Work instructions: Ignoring pictures, transcribe exactly the lines between the one containing "Driving Trucks in National Park in Cuba" and the end of the material, both included.

Source material:
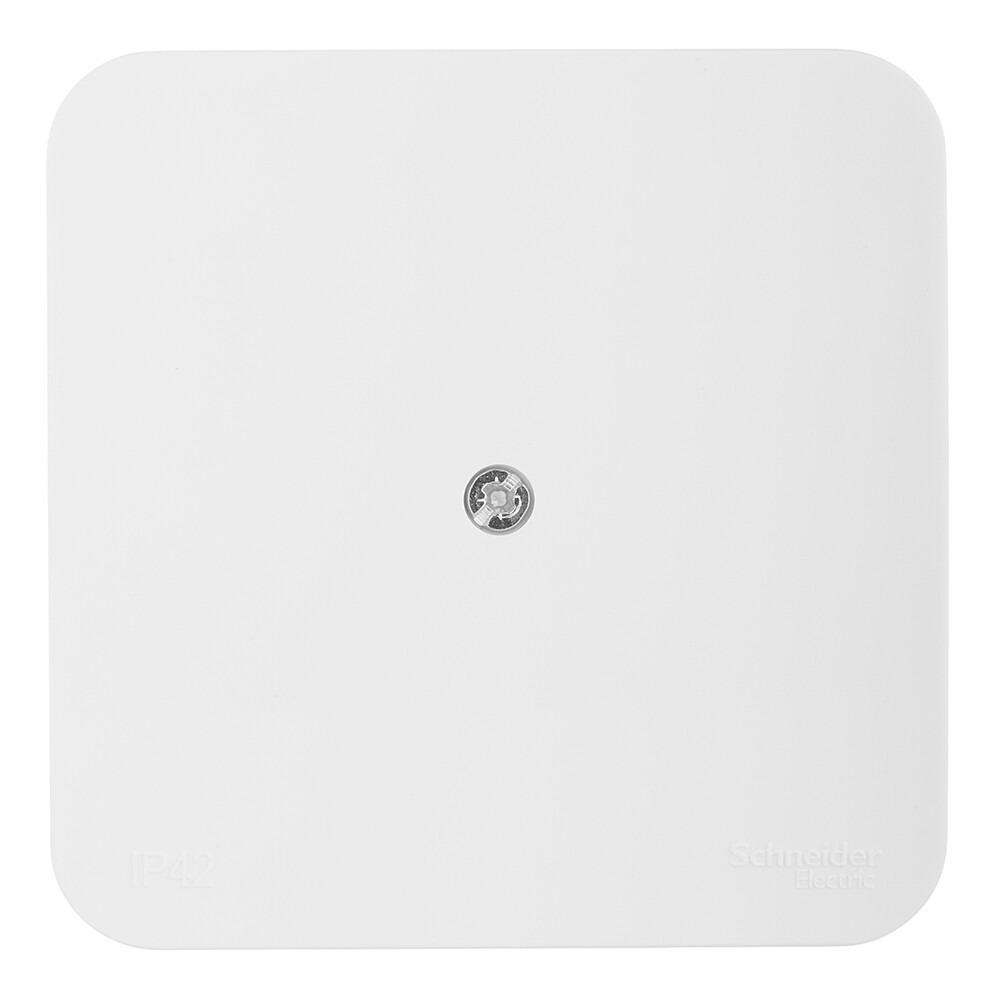 Коробка распределительная Systeme Electric Blanca накладная молочная (BLNRK000012)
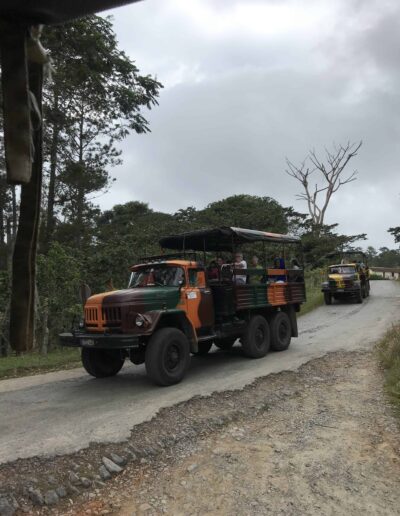 Driving Trucks in National Park in Cuba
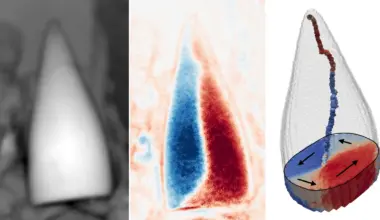 97-million-year-old fossils reveal the earliest known animal “GPS”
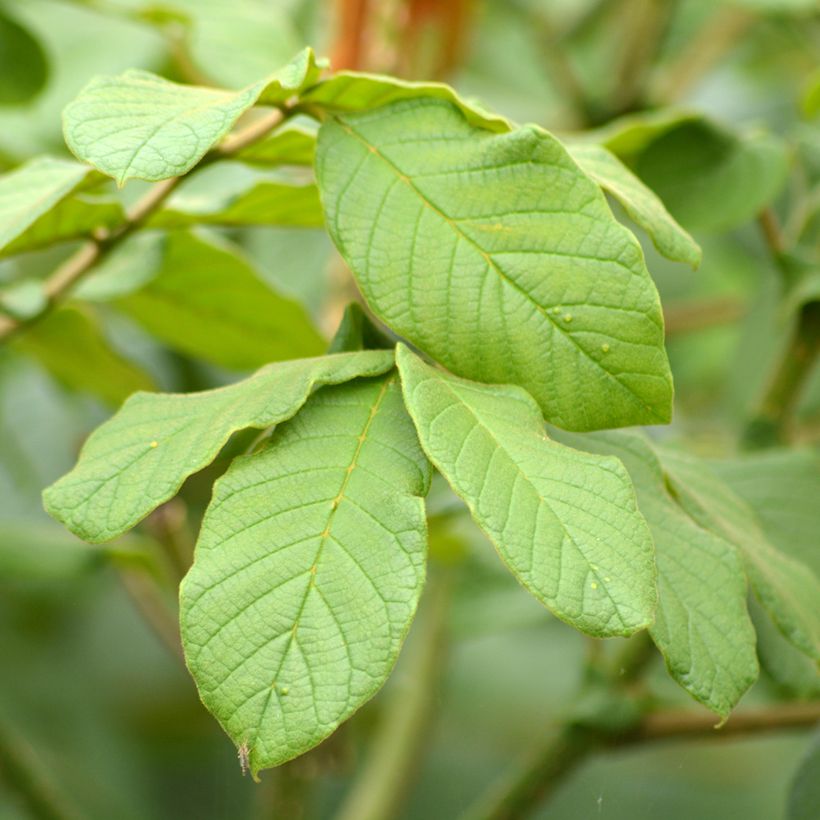 Spathodea campanulata (Folhagem)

Answer:
 Driving Trucks in National Park in Cuba
 97-million-year-old fossils reveal the earliest known animal “GPS”
 Spathodea campanulata (Folhagem)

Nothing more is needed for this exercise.